Les Chroniques de l'Imaginaire

L'hébreu, trois mille ans d'histoire - Hadas-Lebel, Mireille

Évoquer l’histoire de l’hébreu, c’est raconter la renaissance d’une langue écrite, fait unique à ce jour en linguistique. Réputée langue morte depuis plus de deux mille ans, l’hébreu est aujourd’hui largement parlé en Israël. Pour tenter de saisir l’origine de cette langue, l’historienne Mireille Hadas-Lebel nous plonge trois millénaires avant notre ère, une période marquée par deux systèmes d’écriture aux origines pictographiques - des représentations symboliques imagées - qui préfigureront l’apparition d’une écriture pré-alphabétique. D’une part, les hiéroglyphes égyptiens qui prirent progressivement une valeur syllabique ; d’autre part, l’écriture cunéiforme adaptée du système sumérien par les Assyro-babyloniens.

Dans la tradition juive, l’écriture est considérée comme une invention divine et son apparition correspond aux Dix Commandements gravés sur des tables de pierre. Quant aux historiens, ils déterminent vers -700 la première inscription retrouvée en hébreu et au -XIVe siècle l’apparition d’abécédaires contenant trente signes cunéiformes parmi lesquels vingt-deux signes correspondent aux lettres de l’alphabet hébreu.

Comment la langue hébraïque est-elle parvenue jusqu’à nous ? D’abord et surtout parce qu’elle est la langue dans laquelle nous a été transmis l’Ancien testament, par opposition au Nouveau testament écrit en latin. L’hébreu était parlé pendant huit siècles jusqu’à l’an 200 malgré des obstacles d’ordres politico-religieux, avant de n’exister qu’à travers la littérature. Jusqu’à cette période, la langue écrite ne comportait pas de voyelles et n’était pas régie par la grammaire qui ne commencera à s’imposer réellement qu’au Moyen-Âge.

Aux IXe et Xe siècles, l’hébreu fut largement concurrencé par l’arabe car les musulmans, soucieux de consolider leur doctrine, ont traduit de nombreux ouvrages scientifiques et philosophiques grecs, ce qui leur assura un prestige intellectuel international. L’arabe était par ailleurs considéré comme parent de l’hébreu. Partout où les juifs étaient présents, ils développèrent leurs propres langues avec des particularismes géographiques : le judéo-arabe, le judéo-grec, le judéo-espagnol ou le judéo-italien. Quant au judéo-allemand, aussi appelé yiddish, il constituait la langue maternelle de onze millions de juifs à la veille de la Seconde guerre mondiale.

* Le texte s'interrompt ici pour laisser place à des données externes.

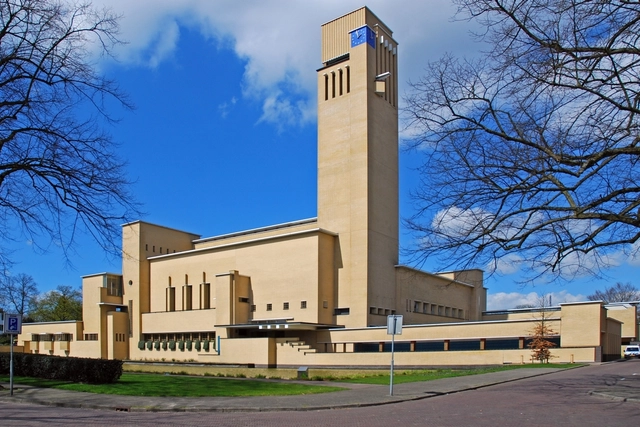 Willem Dudok: Meet the Father of Dutch Modernism - Featured Image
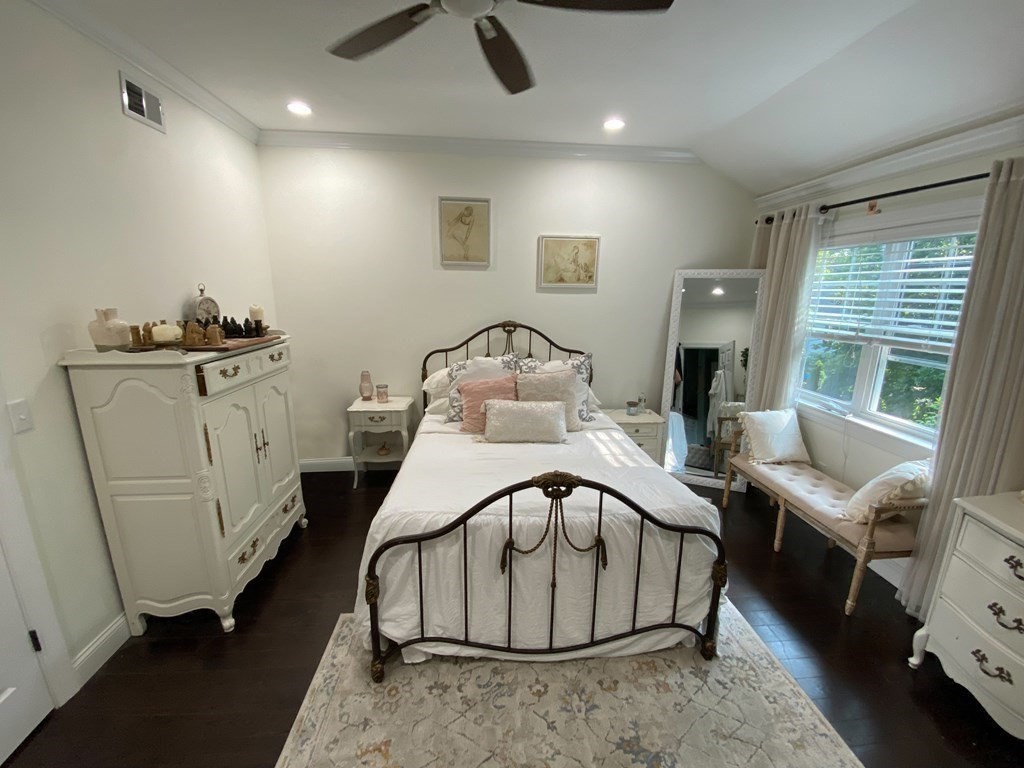 34 Drinkwater Ave # 2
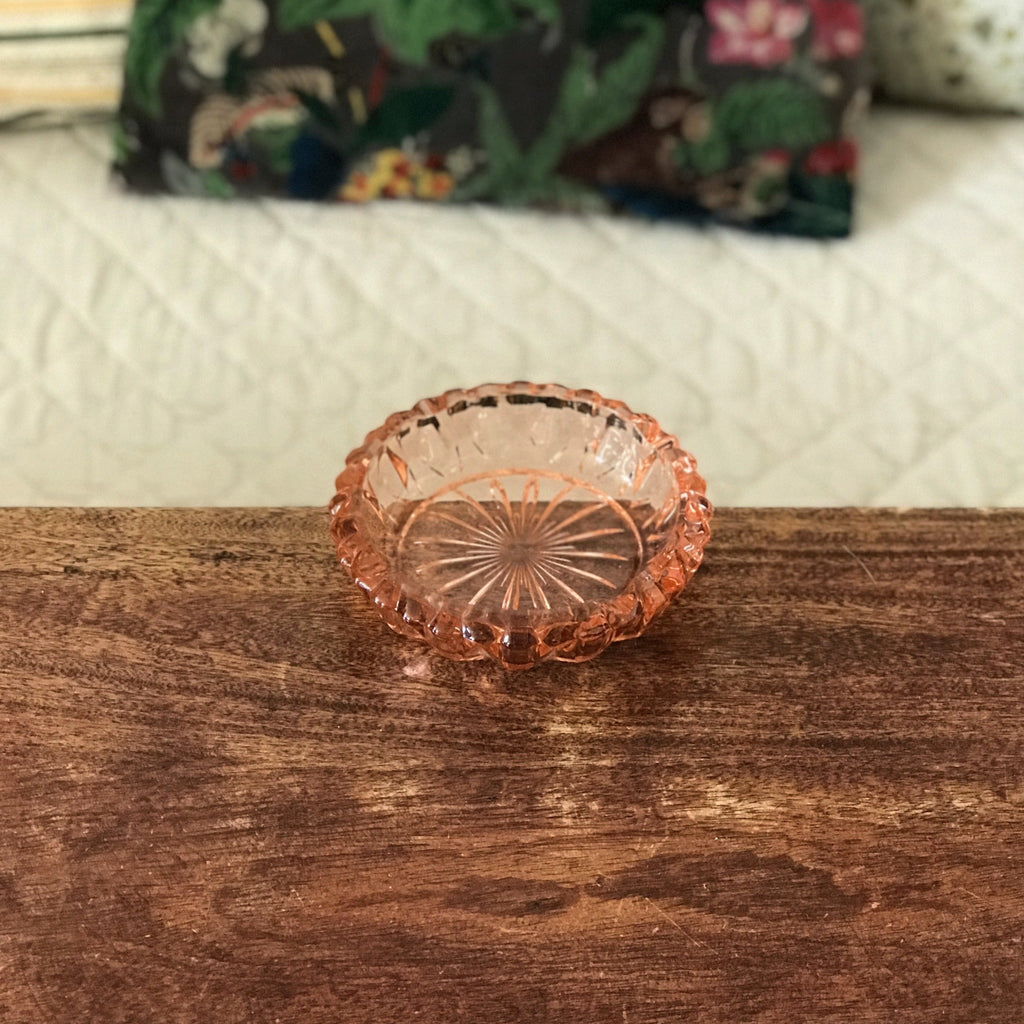 Cendrier rond en verre moulé rose diamètre 14,5 cm par Hello Broc brocante en ligne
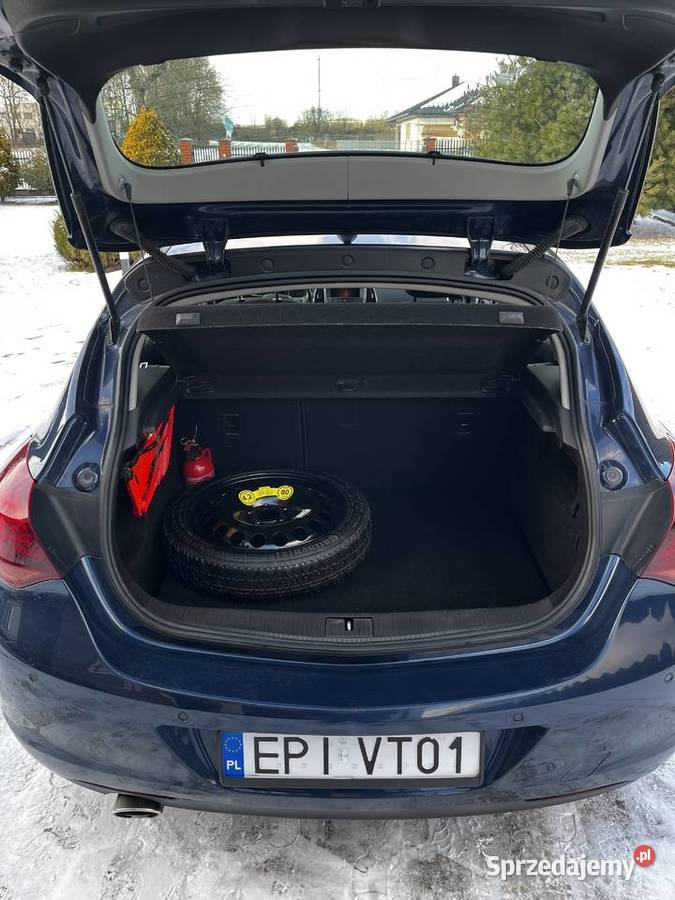 Opel Astra J 14 T 120 NISKI PRZEB BEZWYPAD garażowany Gorzkowice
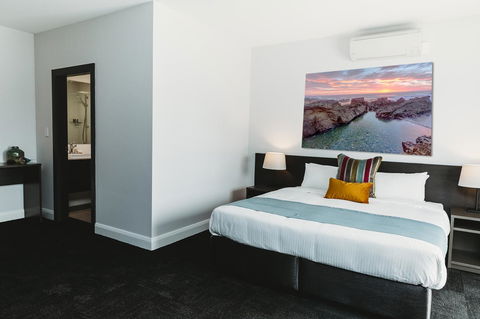 Coniston Hotel Wollongong - Accommodation in Surfers Paradise 2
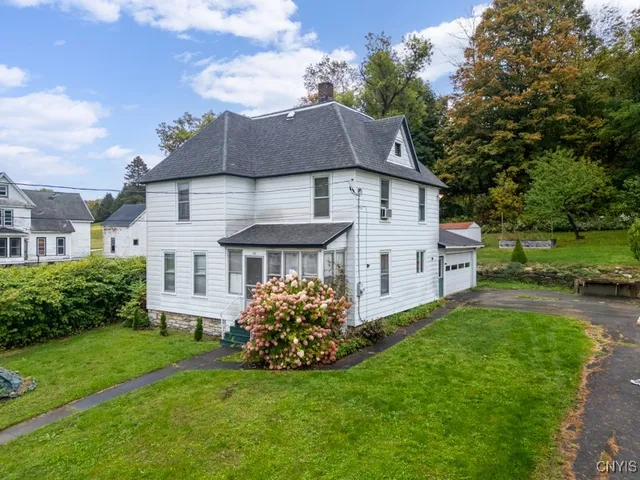 $179,000 | 101 South Main Street, Fairfield, NY 13406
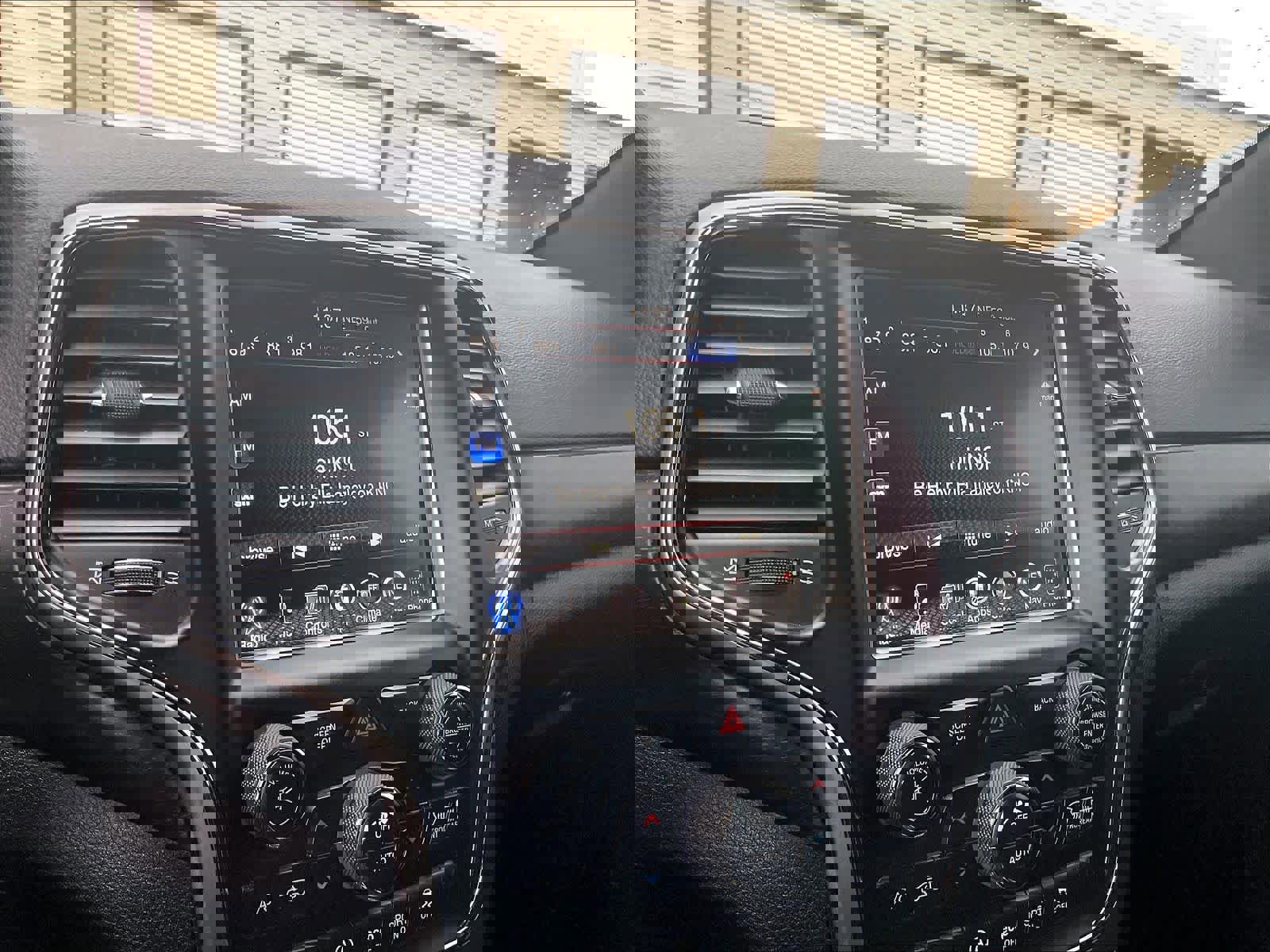 Used 2017 Jeep Grand Cherokee Altitude image 22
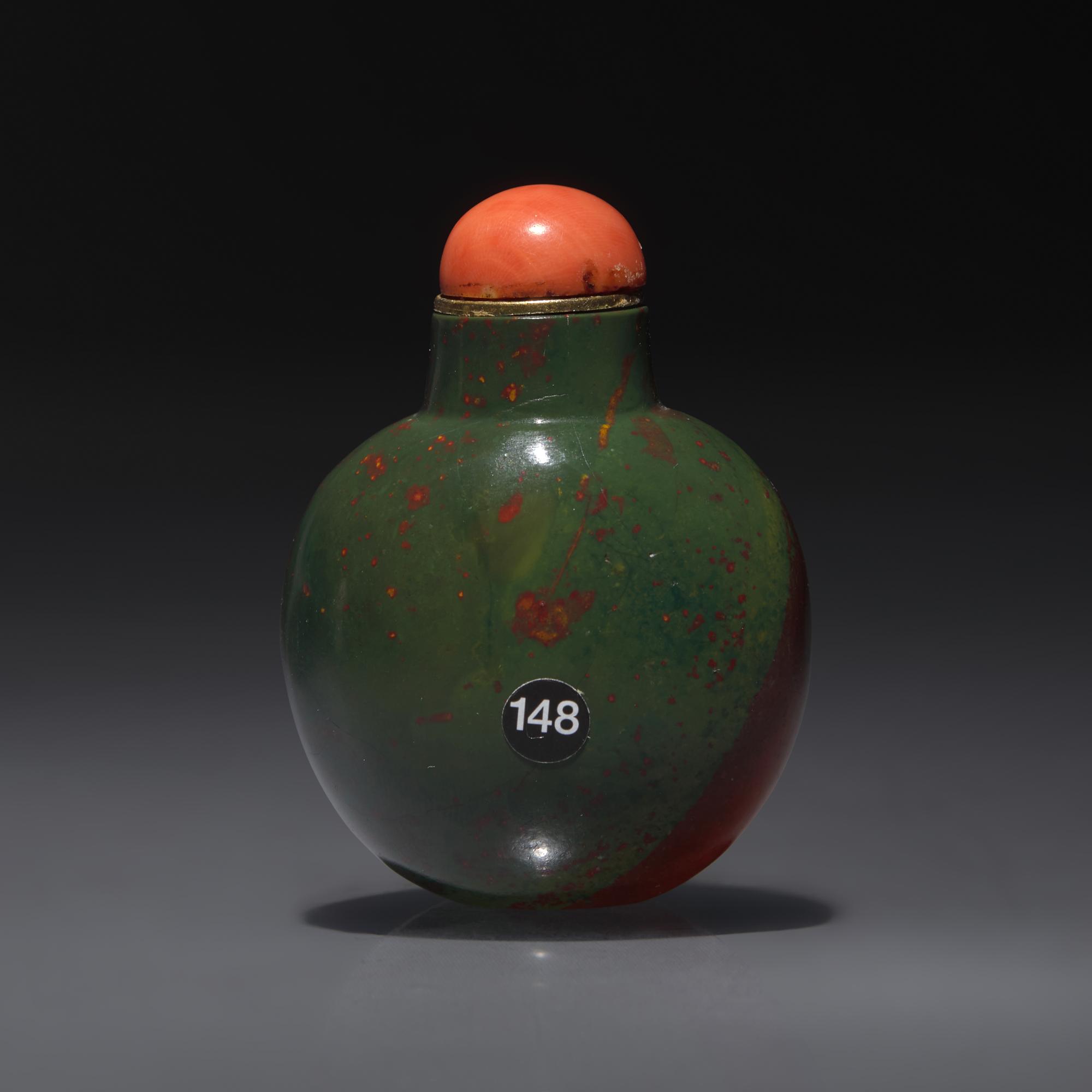 A Small Chinese Russet and Green Jasper Snuff Bottle, Qing Dynasty, Circa 1750-1860 — 1750–1860年 羊肝瑪瑙小鼻煙壺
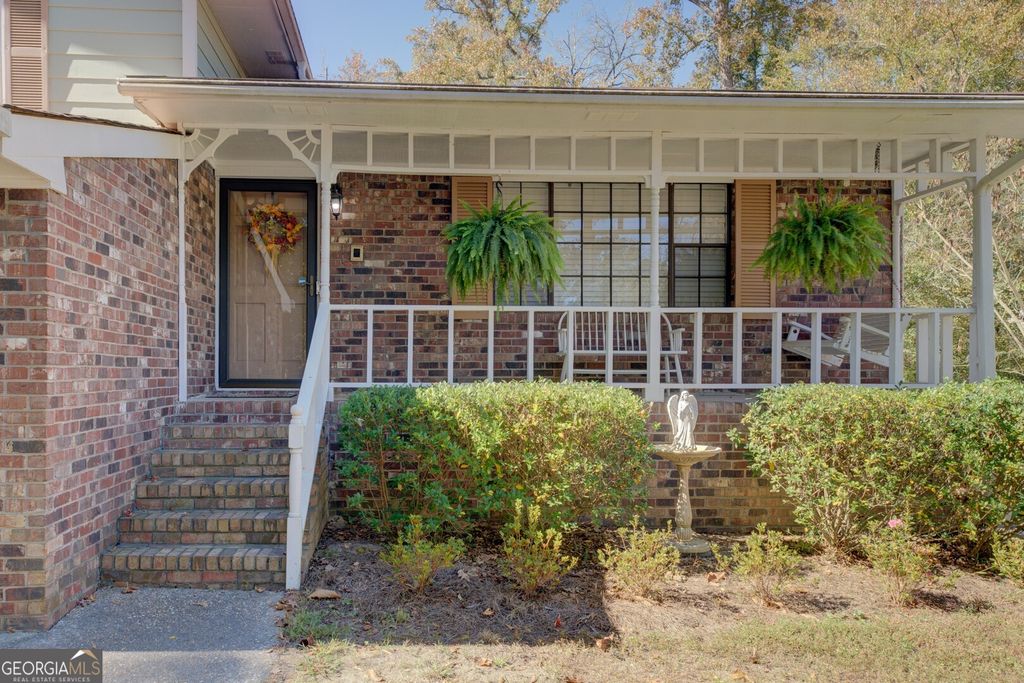 Photo of 6627 Cameron Road, Morrow, GA 30260 (MLS # 10630747)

C’est sous l’impulsion timide du premier Comité de la langue hébraïque créé en 1890 que la langue parlée put renaître. Alors que la littérature hébraïque connut un véritable essor dans la première moitié du XXe siècle, le Comité fut relayé en 1954 par l’Académie du nouvel État d’Israël, mandatée par le Parlement israélien, pour procéder à l’étude de la structure de la langue et son histoire. L’Académie était également chargée d’encadrer son évolution en réglementant la grammaire, l’orthographe et l’entrée de néologismes. Le vocabulaire s’est ainsi considérablement enrichi, et pour partie, grâce aux emprunts aux langues européennes, et ce, malgré l’opposition des ultra-orthodoxes souhaitant préserver une langue sacrée.

Parlé par 34 000 locuteurs en 1918, l’hébreu en comptabilise aujourd’hui six millions. C’est cette aventure que raconte Mireille Hadas-Lebel avec toute la rigueur historique requise pour l’étude de cette langue de la Bible. Si le livre est globalement accessible, quelques notions de linguistique pourront néanmoins se révéler utiles pour apprécier pleinement les propos de l’auteure.